È il mezzo che piace di più Ma i governi lo sanno?
Secondo l’Isfort è la moto il mezzo di trasporto di cui gli italiani sono più soddisfatti. Peccato che i Governi che si sono succeduti alla guida del Paese dall’inizio della grande crisi deflagrata con il fallimento di Lehman Brothers ad oggi non lo abbiano saputo o abbiano fatto finta di non saperlo. Hanno infatti evitato di prendere qualsiasi provvedimento che potesse contrastare la gravissima crisi che ha fatto scendere le immatricolazioni dei modelli di oltre 50cc da 435.959 unità del 2007 a 206.422 del 2012 con un calo del 52,6%, mentre nello stesso arco di anni le vendite di ciclomotori e scooter fino a 50cc sono scese da quota 130.696 a 48.674 unità con un calo del 62,8%. Naturalmente i cittadini e gli operatori del settore hanno ripetutamente segnalato la difficile situazione che si stava creando, ma senza alcun esito. Il giudizio sull’inerzia governativa non può che essere severo per una serie di ragioni. Innanzitutto va ricordato che il processo di motorizzazione di massa nel nostro Paese non è cominciato soltanto con l’automobile, ma anche, e soprattutto, con i motocicli. L’immagine della famiglia in Vespa o in Lambretta con il padre alla guida, la madre sul sellino posteriore pudicamente seduta all’amazzone e il bambino in piedi sul predellino è un’icona degli anni 50, ma è anche un’icona del decollo della motorizzazione di massa nel nostro Paese che è avvenuto prima con la moto che con l’auto. E alla moto gli italiani sono rimasti fortemente affezionati per tutti gli anni che sono seguiti al decennio della ricostruzione dopo le rovine della guerra. Basti pensare che quello italiano è il maggiore mercato motociclistico europeo e oggi l’Italia ha il 27% del parco circolante del continente di moto e il 26% di quello dei ciclomotori.
La ricettività del mercato italiano e la possibilità di esportare su larga scala sono stati poi i fattori che hanno fatto sorgere nel nostro Paese un’industria motociclistica di grandissimo livello che purtroppo negli ultimi cinque anni ha visto chiudere, tra il disinteresse generale, anche marchi storici di grande prestigio.
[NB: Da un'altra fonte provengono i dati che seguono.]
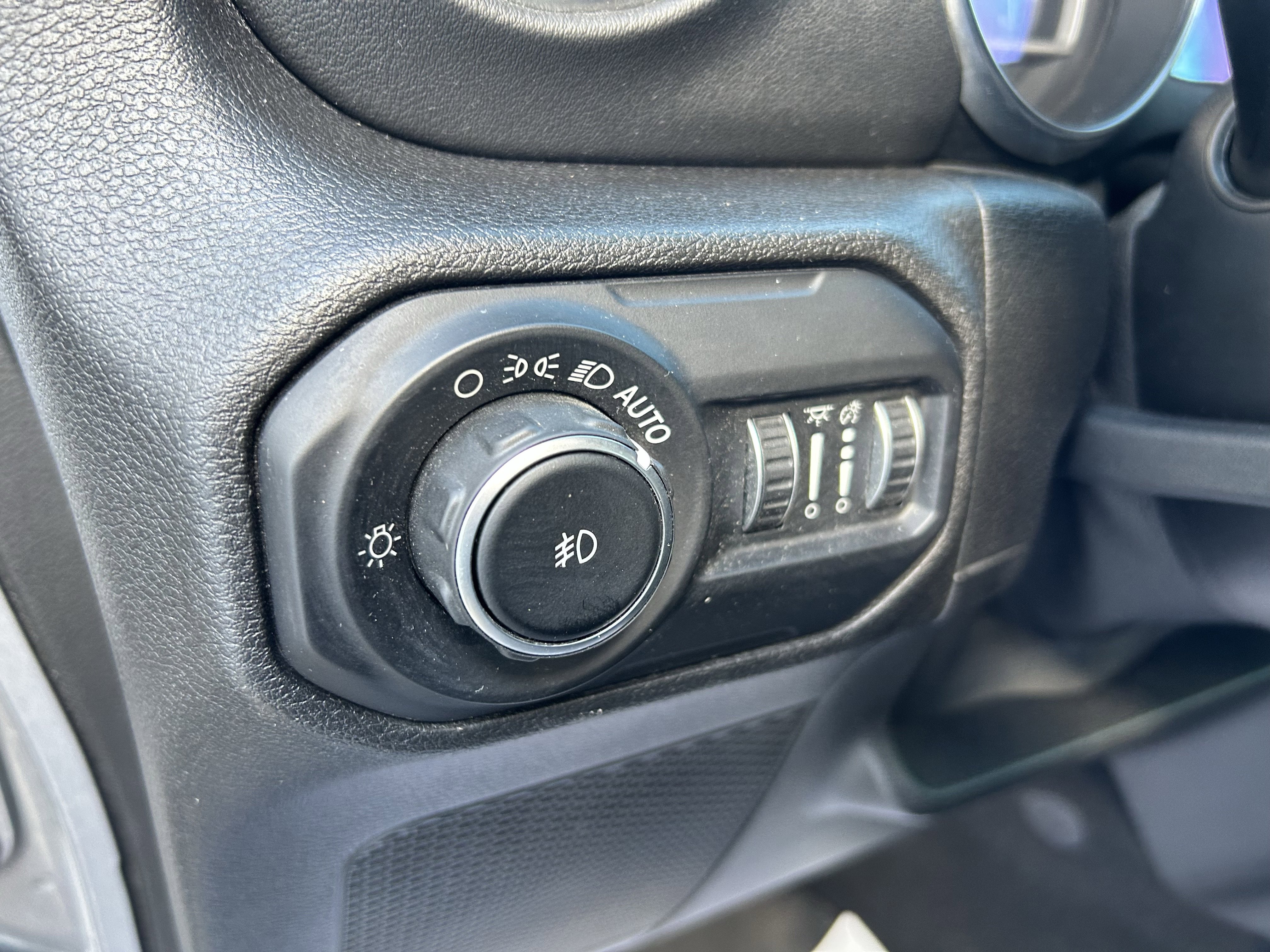 Used 2019 Jeep Wrangler Unlimited Sahara w/ Uconnect 4C Nav & Sound Group image 14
Tra l’altro il comportamento dei pubblici poteri è colpevole per non aver fatto nulla per far fronte alle difficoltà di accesso al credito al consumo, né per evitare restrizioni al traffico non giustificate, né per predisporre parcheggi dedicati. Inoltre i pubblici poteri non solo hanno equiparato la moto all’auto per gli obblighi di revisione ma hanno anche consentito che pure per i pedaggi autostradali la moto venisse equiparata all’auto e, in generale, nulla hanno fatto per contrastare la crescita dei costi di esercizio. Sono stati così fortemente penalizzati soprattutto gli utenti economicamente più deboli che sono i giovani e i motociclisti del sud. Si dirà che nelle crisi economiche sono sempre coloro che hanno redditi più bassi a pagare i prezzi più alti. Ma i pubblici poteri non hanno anche il compito di proteggere i cittadini più deboli?
Alla fine del 2012 si pensava che per la moto (come per l’auto) la caduta delle vendite avesse ormai toccato il fondo. Non è stato così. Nei primi due mesi del 2013 si sono registrati cali su base annua del 23,6% per i modelli di oltre 50cc e del 30,7% per ciclomotori e scooter fino a 50cc.